How are arguments passed to function pointers in C? - c

In the following code snippet Reference, compare is called from main() without any parameters being passed.
I assume it is taking ((char *)&key, (char *)string) as the two parameters needed for the function call. But how does it work internally in C? Does the compiler fill in the arguments when compare is called?
#include <search.h>
#include <string.h>
#include <stdio.h>
#define CNT 2
int compare(const void *arg1,const void *arg2)
{
return (strncmp(*(char **)arg1, *(char **)arg2, strlen(*(char **)arg1)));
}
int main(void)
{
char **result;
char *key = "PATH";
unsigned int num = CNT;
char *string[CNT] = {
"PATH = d:\\david\\matthew\\heather\\ed\\simon","LIB = PATH\\abc" };
/* The following statement finds the argument that starts with "PATH" */
if ((result = (char **)lfind((char *)&key, (char *)string, &num,
sizeof(char *), compare)) != NULL)
printf("%s found\n", *result);
else
printf("PATH not found \n");
return 0;
}
How do function pointers in C work?

compare is called from main() without any parameters being passed.
No. It is just referred to from main.
Essentially, it tells lfind "Hey, if you want to compare entries, take this function - it can be called exactly the way you expect it."
lfind, then, knows about that and whenever it needs to compare two entries, it puts the arguments wherever it would put them on a normal call (on the stack, into the right registers or wherever, depending on the calling conventions of the architecture) and performs the call to the given address. This is called an indirect call and is usually a bit more expensive than a direct call.
Let's switch to a simpler example:
#include <stdio.h>
int add1(int x) {
return x + 1;
}
int times2(int x) {
return x * 2;
}
int indirect42(int(*f)(int)) {
// Call the function we are passed with 42 and return the result.
return f(42);
}
int indirect0(int(*f)(int)) {
// Call the function we are passed with 0 and return the result.
return f(0);
}
int main() {
printf("%d\n", add1(33));
printf("%d\n", indirect42(add1));
printf("%d\n", indirect0(add1));
printf("%d\n", times2(33));
printf("%d\n", indirect42(times2));
printf("%d\n", indirect0(times2));
return 0;
}
Here, I call the function add1() on my own first, then I tell two other functions to use that function for their own purpose. Then I do the same with another function.
And this works perfectly - both functions are called with 33 by me, then with 42 and with 0. And the results - 34, 43 and 1 for the first and 66, 84 and 0 for the 2nd function - match the expectations.
If we have a look at the x86 assembler output, we see
…
indirect42:
.LFB13:
.cfi_startproc
movl 4(%esp), %eax
movl $42, 4(%esp)
jmp *%eax
.cfi_endproc
The function gets the given function pointer into %eax, then puts the 42 where it is expected and then calls %eax. (Resp., as I activated optimization, it jumps there. The logic remains the same.)
The function doesn't know which function is to be called, but how it is to be called.
indirect0:
.LFB14:
.cfi_startproc
movl 4(%esp), %eax
movl $0, 4(%esp)
jmp *%eax
.cfi_endproc
The function does the same as the other one, but it passes 0 to whatever function it gets.
Then, as it comes to calling all this stuff, we get
movl $33, (%esp)
call add1
movl %eax, 4(%esp)
movl $.LC0, (%esp)
call printf
Here we have a normal function call.
movl $add1, (%esp)
call indirect42
movl %eax, 4(%esp)
movl $.LC0, (%esp)
call printf
Here, the address of add1 is pushed to the stack and given to indirect42 so that function can do with it as it wants.
movl $add1, (%esp)
call indirect0
movl %eax, 4(%esp)
movl $.LC0, (%esp)
call printf
The same with indirect0.
(other stuff snipped as it works the same)

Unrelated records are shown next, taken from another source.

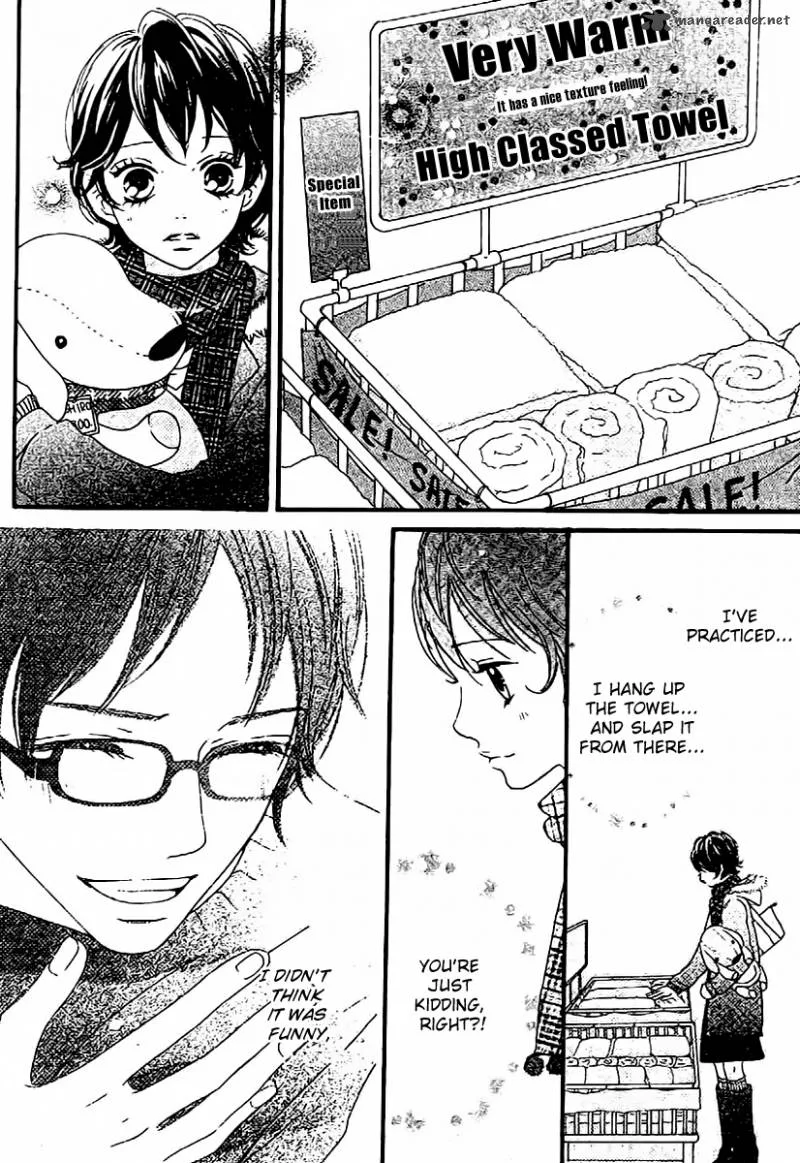 Tobenai Tori Chapter 5 page 41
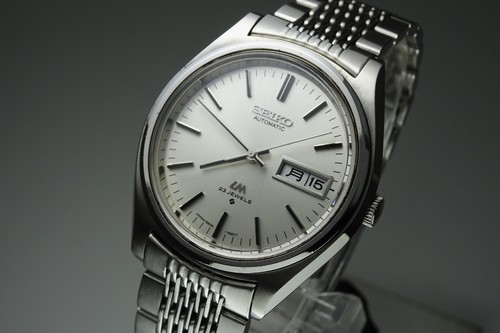 Vintage 1974 japan seiko lord - vintage,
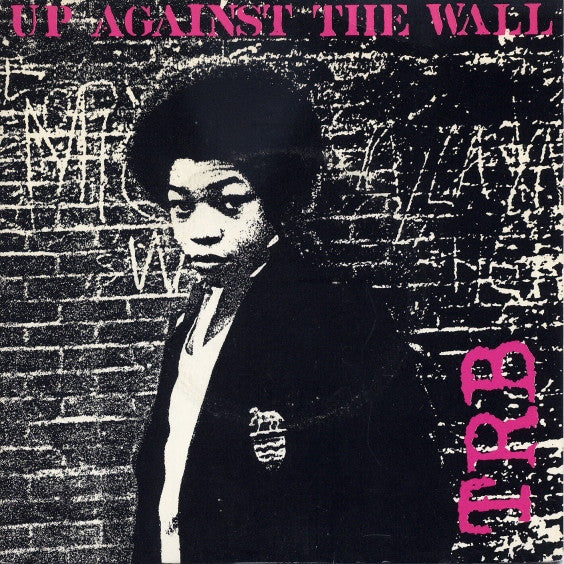 Tom Robinson Band - Up Against The Wall - Used Vinyl Record 7"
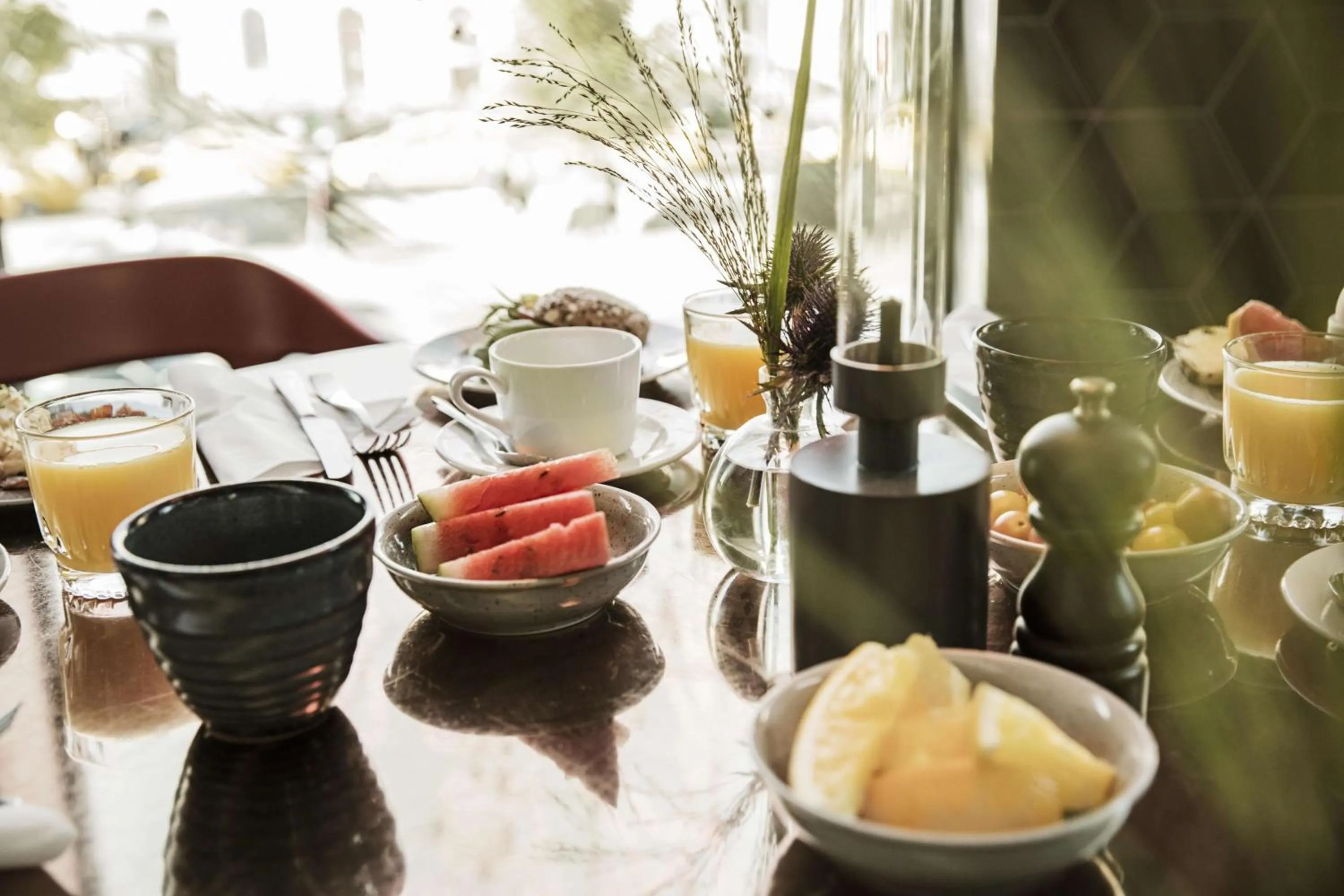 Breakfast in Scandic Kouvola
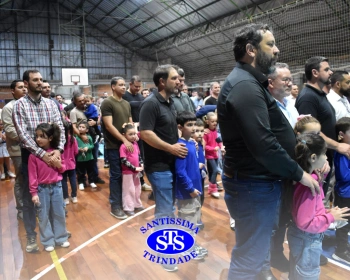 Homenagem aos Pais | 1º e 2º ano
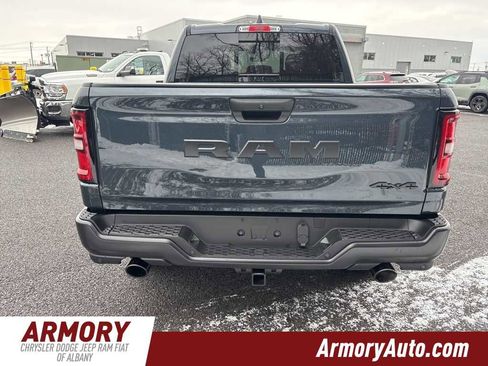 New 2026 RAM 1500 Classic Warlock image 5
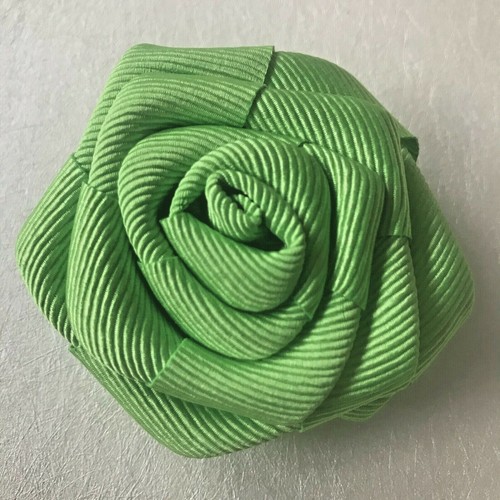Corsage rose flower brooch - corsage,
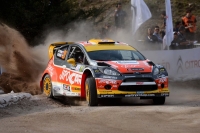 Martin Prokop - Michal Ernst, Ford Fiesta RS WRC - Rally Argentina 2013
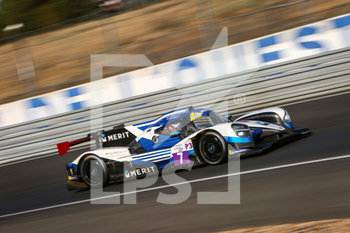2020-09-18 - 07 Wells Anthony (gbr), Noble Colin (gbr), Nielsen Racing, Duqueine M30 - D08 - Nissan, action.. during the 2020 Road to Le Mans, 4th round of the 2020 Michelin Le Mans Cup on the Circuit des 24 Heures du Mans, from September 18 to 19, 2020 in Le Mans, France - Photo Thomas Fenetre / DPPI - 24 HOURS OF LE MANS, 7TH ROUND 2020 - PRACTICE SESSION - ENDURANCE - MOTORS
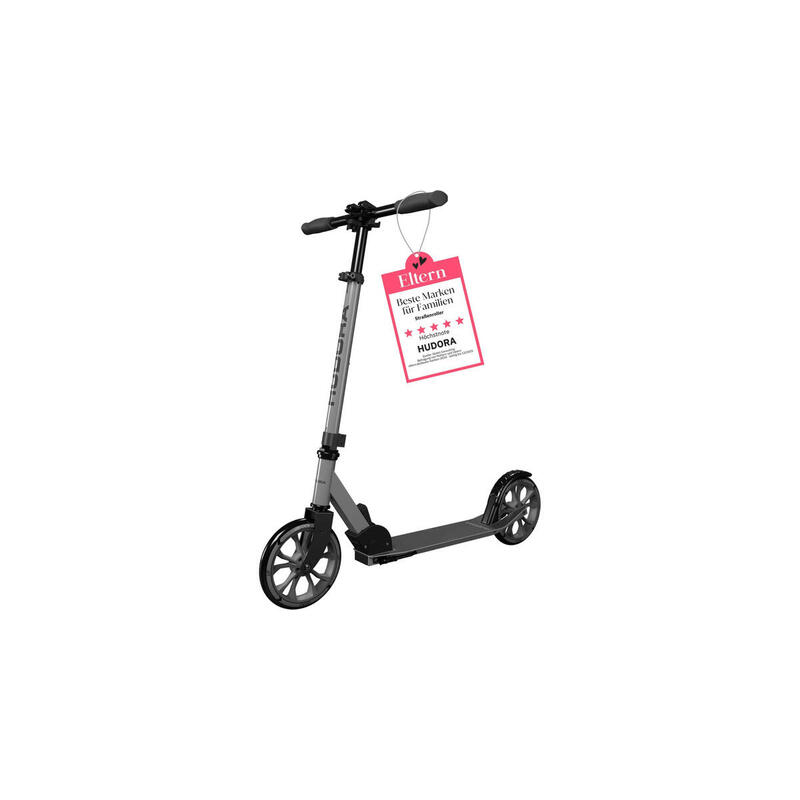 patinete-hudora-14468-vespa-gris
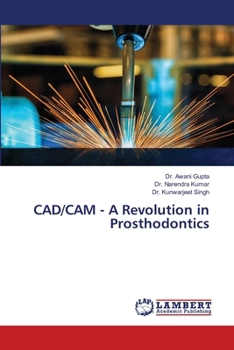 Paperback CAD/CAM - A Revolution in Prosthodontics Book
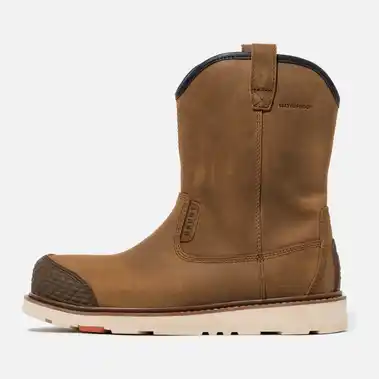 Image 3 of BRUNT Bolduc BRUNT Toe Waterproof Comp Men's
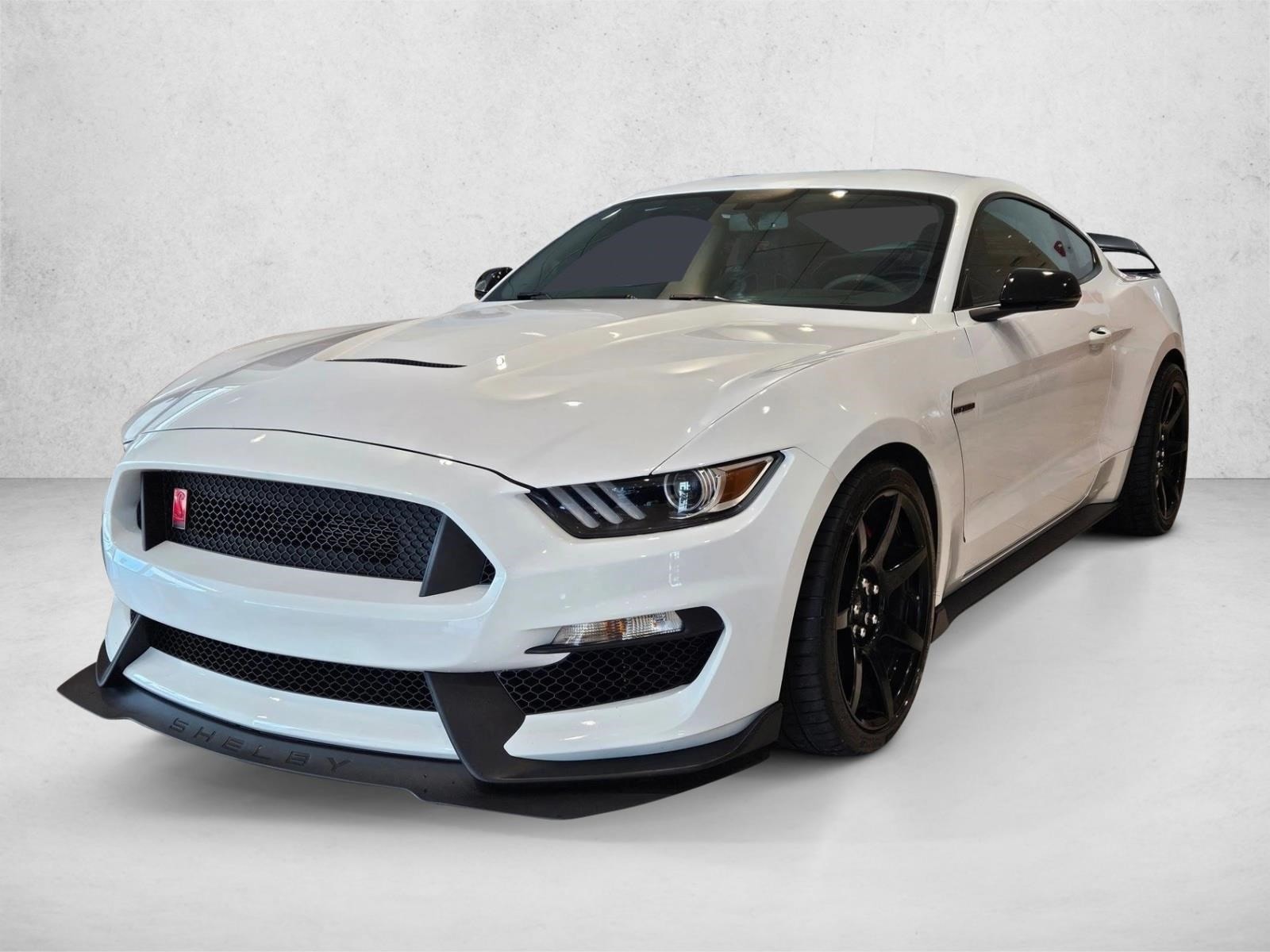 2016 Ford Mustang Shelby GT350's photo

There's no magic. You're not actually calling it from main, you're just passing along a reference to it when you call lfind. The compiler lets you do this because it already knows (a) what kind of function is expected there (ie, with those two args) and (b) knows that the one you're using matches correctly, so no complaints. If you'd defined compare differently (wrongly), it wouldn't have compiled.
Inside of lfind, it's invoked directly with the two parameters by name. Function pointers like this seem slippery when you first see them, but in C they're actually laboriously explicit-- you must pass in a reference to a function that matches the function signature declared in lfind's declaration. And inside of lfind, that code must call the passed-in function in the defined way.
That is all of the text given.